**Supplied entries**
= = = = =

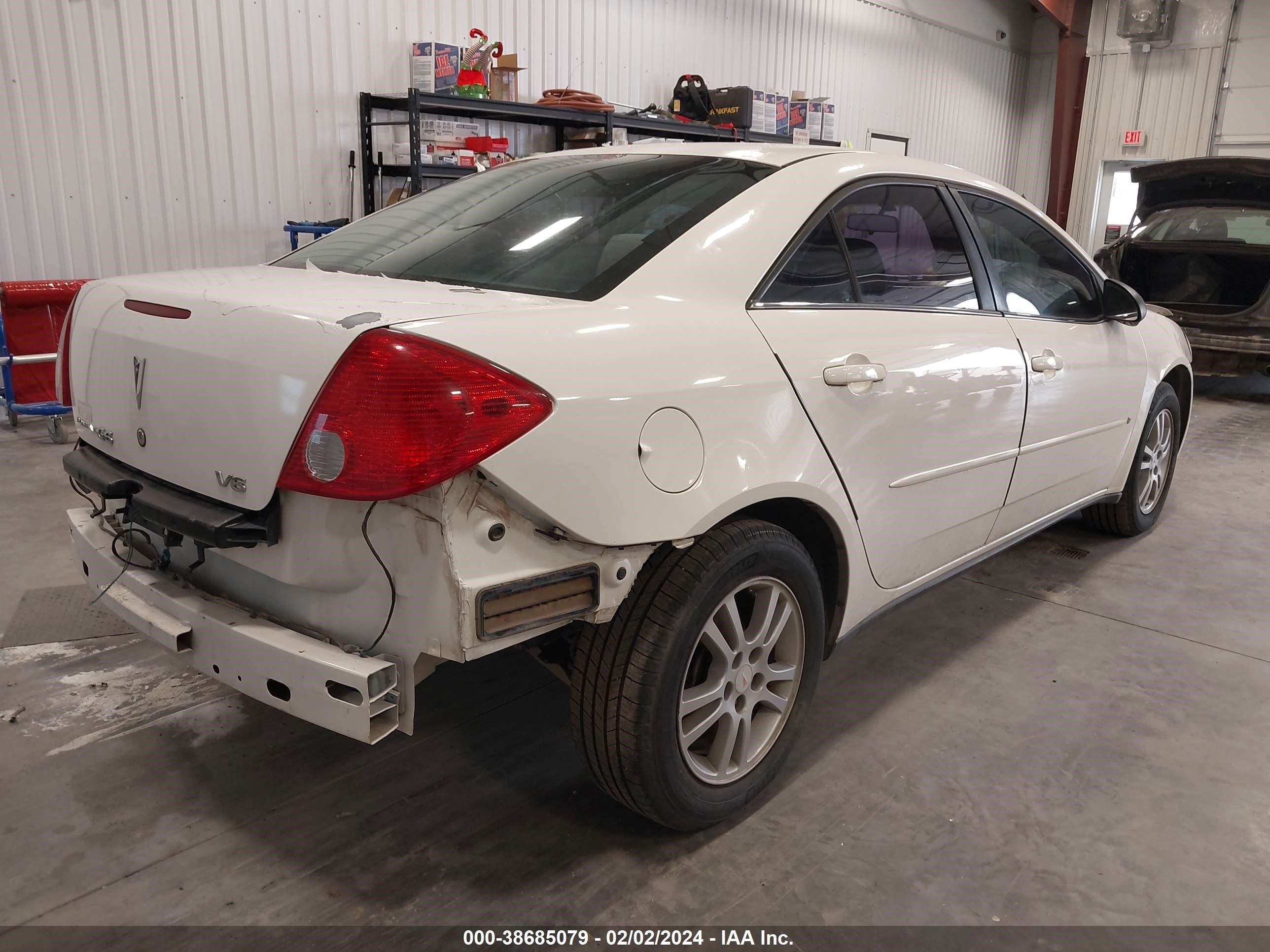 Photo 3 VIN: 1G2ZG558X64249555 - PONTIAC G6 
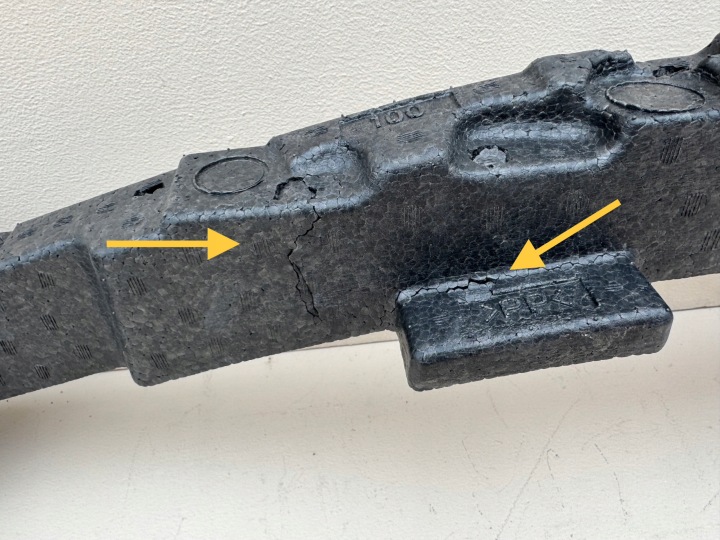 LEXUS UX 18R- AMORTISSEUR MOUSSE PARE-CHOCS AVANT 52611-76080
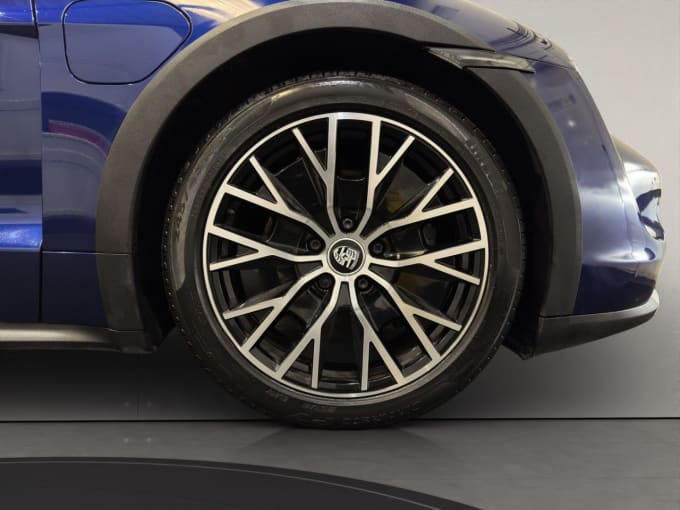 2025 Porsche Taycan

= = = = =

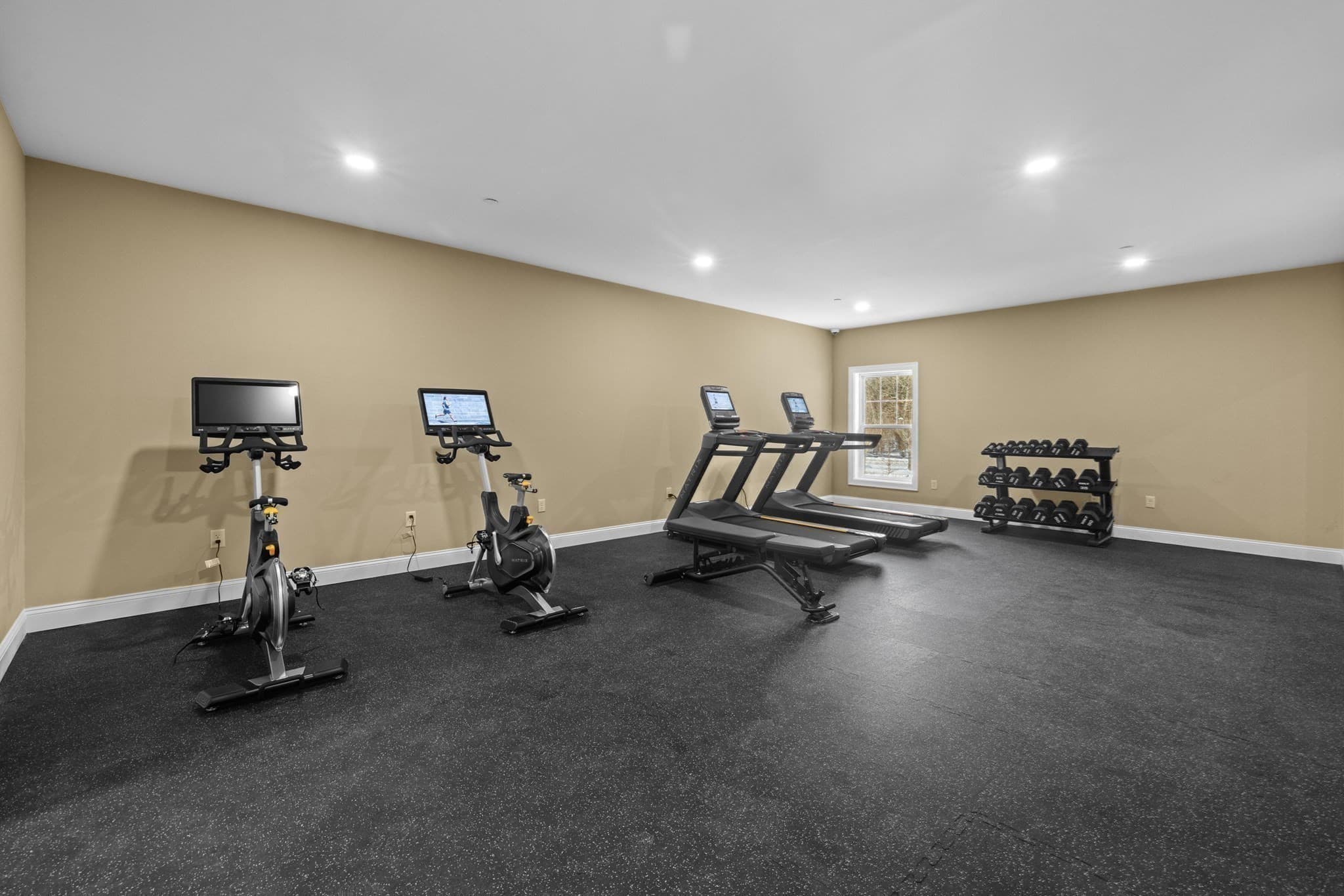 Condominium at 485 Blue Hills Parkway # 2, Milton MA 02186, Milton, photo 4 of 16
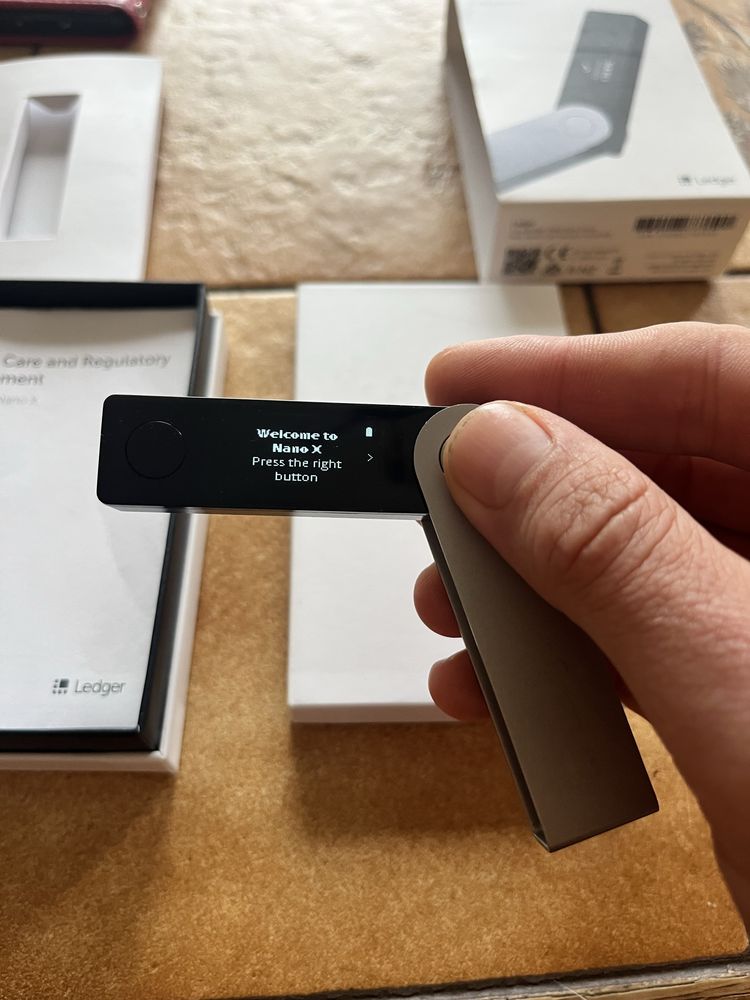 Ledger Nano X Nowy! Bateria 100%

= = = = =

**Exercise goal**
Pictures excluded, give again exactly and only the lines of the material above from the line with "Photo 3 VIN: 1G2ZG558X64249555 - PONTIAC G6" through the line with "2025 Porsche Taycan".

**Solution below**
 Photo 3 VIN: 1G2ZG558X64249555 - PONTIAC G6 
 LEXUS UX 18R- AMORTISSEUR MOUSSE PARE-CHOCS AVANT 52611-76080
 2025 Porsche Taycan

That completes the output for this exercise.